Another wave of her dark hair, eyes with sudden hope in them gleaming like stars. “No, but it’s traditional.”

“Well, I may not be the baby you were looking for,” he said, smiling as he held up a pile of papers, all with pictures of children on them. “But I can help you find the one you are looking for.” He rose, holding the papers. “My day is over so … Maybe we could talk about what you’re looking for over dinner? I know a great Cajun place nearby. Best crawdads anywhere.” He gave her a grin.

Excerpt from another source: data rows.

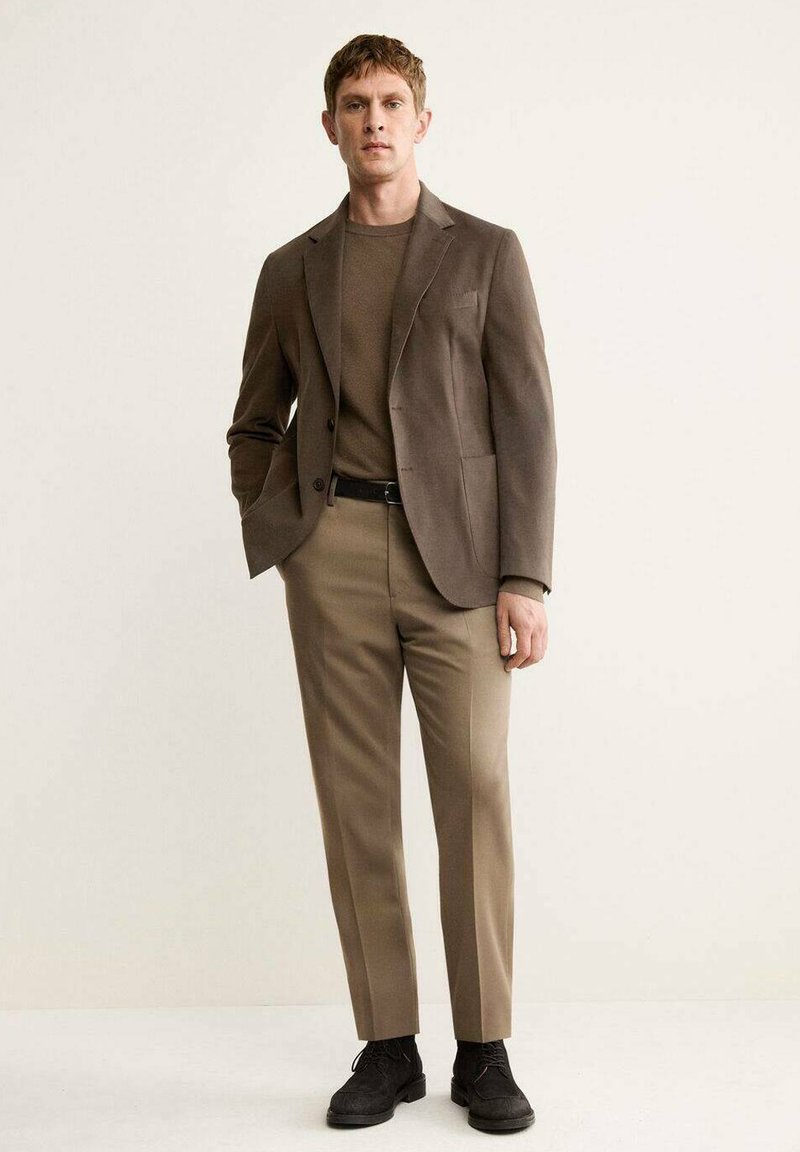 Brown tailored blazer over a brown sweater, paired with beige trousers. Accented with a black belt and dark shoes. Simple, modern design.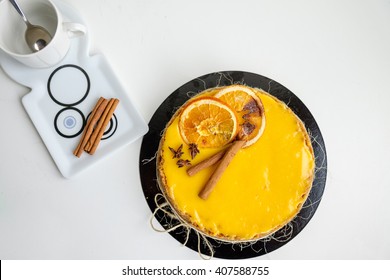 top view on round cheesecake on table with cinnamon rolls on plate with rings pattern and empty cup with spoon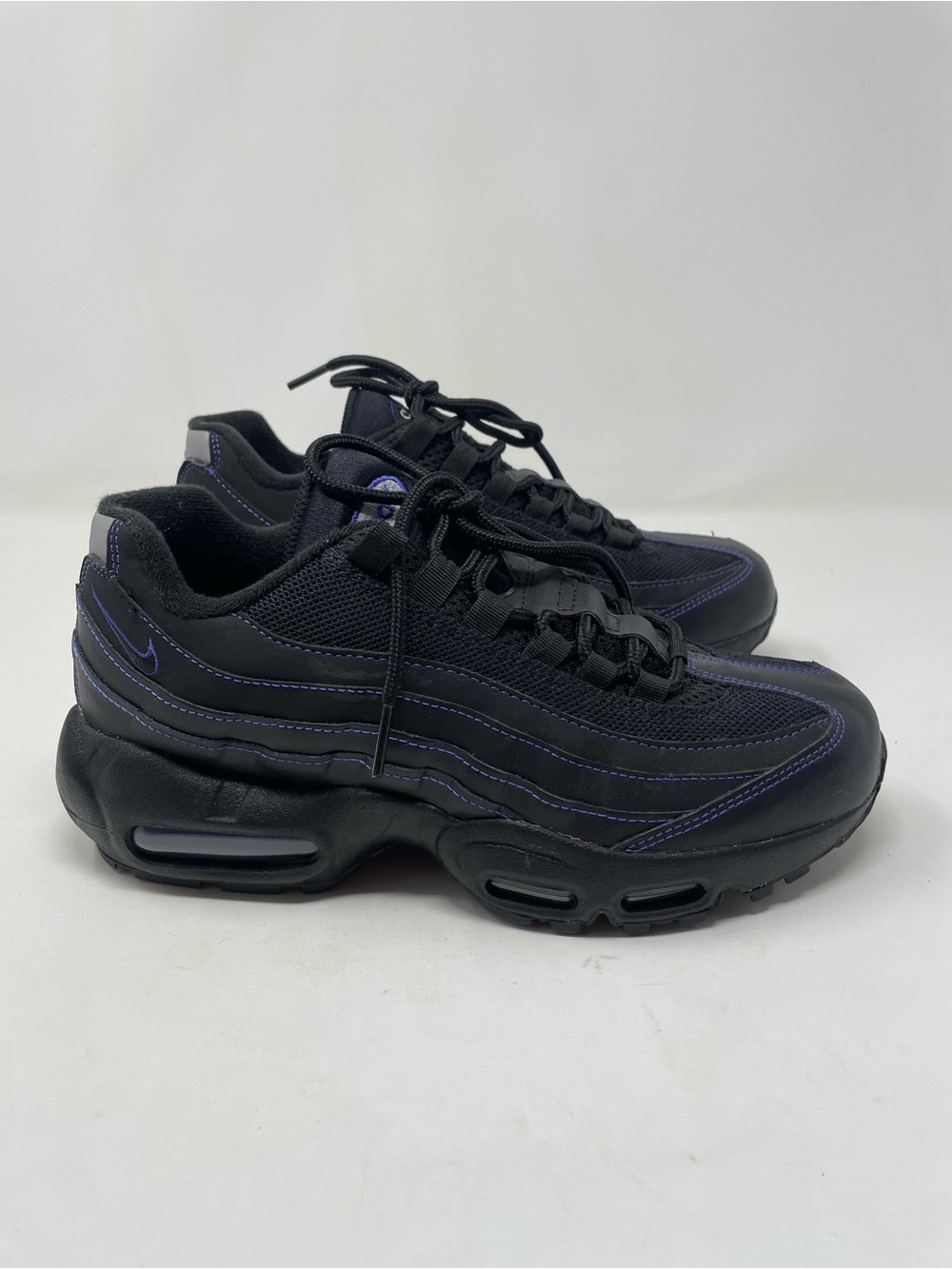 Nike Women's Black Sneakers with Purple Stitching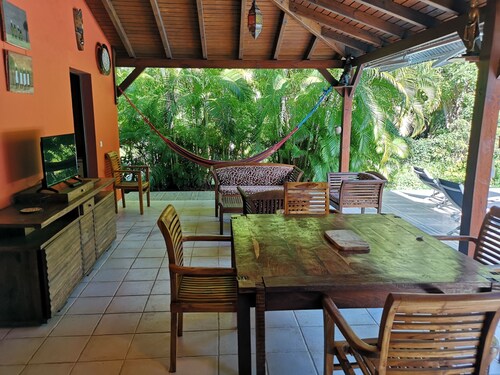 Kaz à coco Rouge, swimming pool, pearl beach at Riflet Deshaies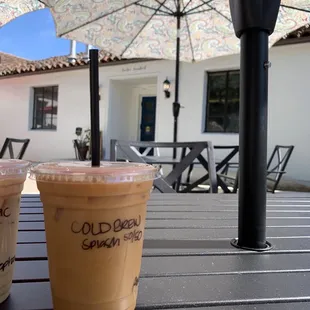 two cold drinks on a table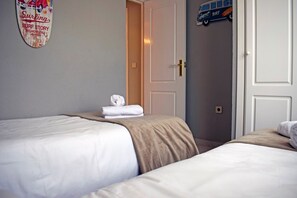 Habitación de hotel con dos camas, una puerta y un adorno en la pared.
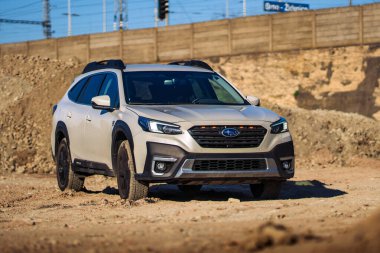 Brno, Çek Cumhuriyeti - 22 Nisan 2025: Bir inşaat alanında beyaz off-road SUV Subaru Outback. Japon arabası toprak yığınlarının yakınına park edilmiş..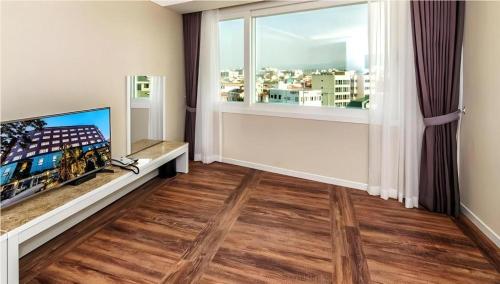 a living room with a tv and a large window at Galaxy Hotel in Jeju
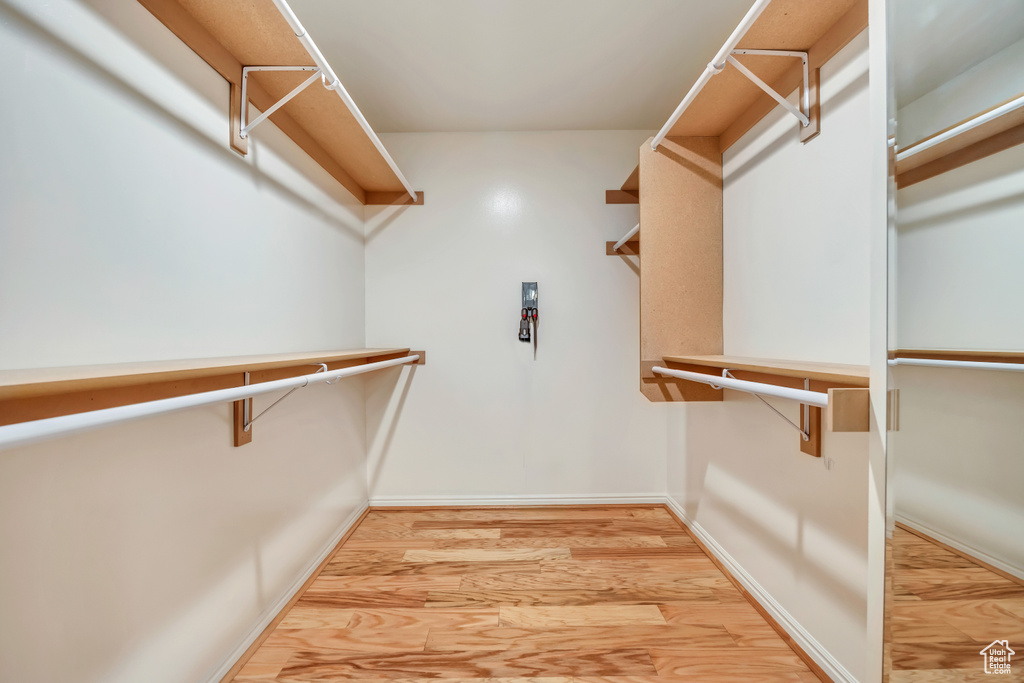 Spacious closet with light wood-type flooring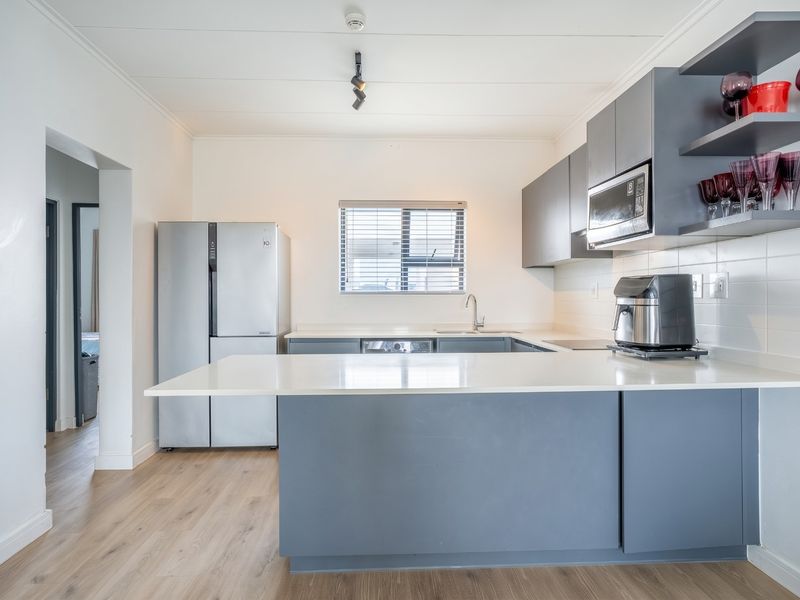 Modern kitchen featuring sleek grey cabinetry, white quartz countertops, integrated microwave, and durable laminate flooring with a functional breakfast bar layout.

And to his surprise and relief, she returned it with a smile that made the room feel like roof had opened to the sun. “I’d like that,” she said. “Show me the way?”

Thirteen months, three dates, and one very joyful wedding later, an unwanted firstborn, now one of the most loved children in the world, gained a baby sister.


There you have it, folks! I hope you enjoyed this little bit of fiction. As for me, back to work on Fireteam Freelance.